If it is desired to increase the coverage area of ​​DGPS corrections and, at the same time, minimize the number of fixed reference receivers, it will be necessary to model the spatial and temporal variations of the errors. In this case we would be talking about the wide area differential GPS.
With DGPS, errors due to:

  • Selective availability (eliminated from the year 2000 ).
  • Propagation through the ionosphere – troposphere.
  • Errors in the position of the satellite (ephemeris).
  • Errors caused by problems in the satellite clock.

For DGPS corrections to be valid, the receiver has to be relatively close to some DGPS station; generally less than 1000 km. The accuracies handled by differential receivers are centimetric, so they can be used in engineering.

Advantages of GPS over normal guidance systems

It is very important to understand that the calculation of position and altitude is not made from data from analog pressure, humidity or temperature sensors (or a combination of these) as in analog altimeters or altimeters-barometers, or even as In the most sophisticated digital altimeters, it is made from the data sent by a constellation of satellites and orbit that, despite being simple as satellites, provide the reliability of making use of the most sophisticated and precise technology from which man currently has. It should also be noted that the evolution of those analog data, which, in effect, will be very useful for forecasting atmospheric changes and environmental conditions for the development of the activity to be carried out, they are relatively reliable in calculating exact position and altitude. In addition, all GPS’s incorporate really sophisticated navigation functions that will change the very concept of orientation. For example, routes can be drawn up on maps, registering on the device the points through which you want or must pass and, on the ground, activating that route, a graphic screen will indicate if you are on the correct course or if there is a deviation in some direction; or use the same function in reversible routes, that is, to record points through what is passed and then be able to return through those same points safely. With all these data, you can also deduce the speed at which you are traveling accurately, while maintaining a straight line course, or deduct the speed at which you are traveling if all course change points have been recorded … and a long etc. of very useful and interesting functions that can be discovered when using these devices.
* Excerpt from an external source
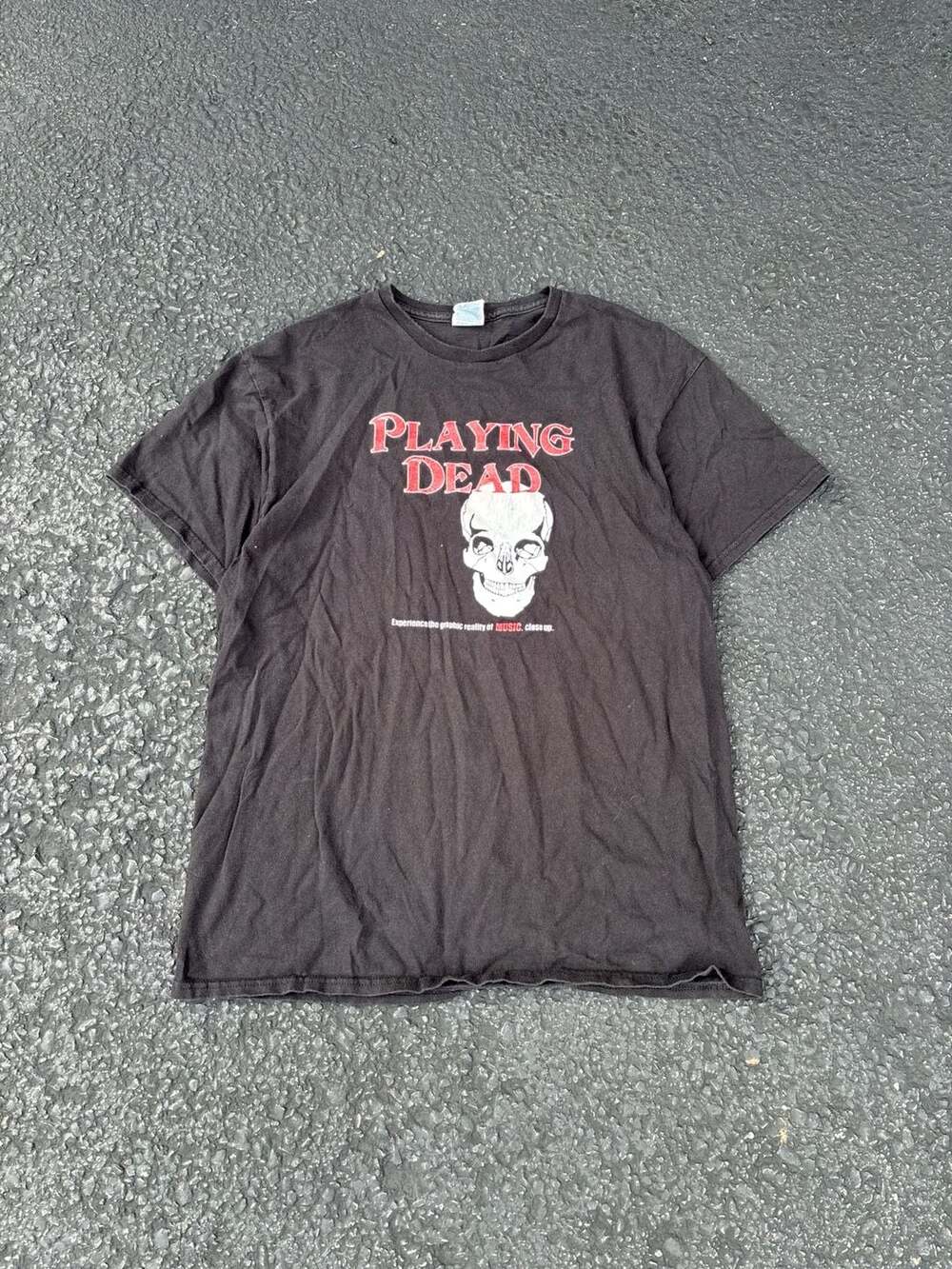 Vintage Delta Pro Weight Playing Dead Graphic T-Shirt Black Size L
Use the data obtained with GPS receivers with PC’s

If we need to export the data obtained with a GPS receiver to a computer to make the necessary calculations, it is good to remember that, usually, kits for data transfer between PC’s and GPS’s, as well as power supply kits, tend to be devices Optional when acquiring a GPS receiver, at least up to mid-range receivers, which are already beginning to incorporate functions that may make it necessary to include these kits in series. In addition, it must not be forgotten that specific software is necessary to import this data in a more or less standard way, which allows it to be used in a versatile way. The most common interfaces with NMEA 0180, 0181 and 0183, so it is necessary a software that includes these interfaces, to make transfers through a serial port. It is also common to find interfaces with RS232 corrections that allow transferring through parallel ports. In addition, there are interfaces of many GPS manufacturers’ firms that create their own protocols. The software for these tasks is relatively cheap (if what you want is simply to obtain that data, of course), and there are even many applications ofshareware and freeware that can be found.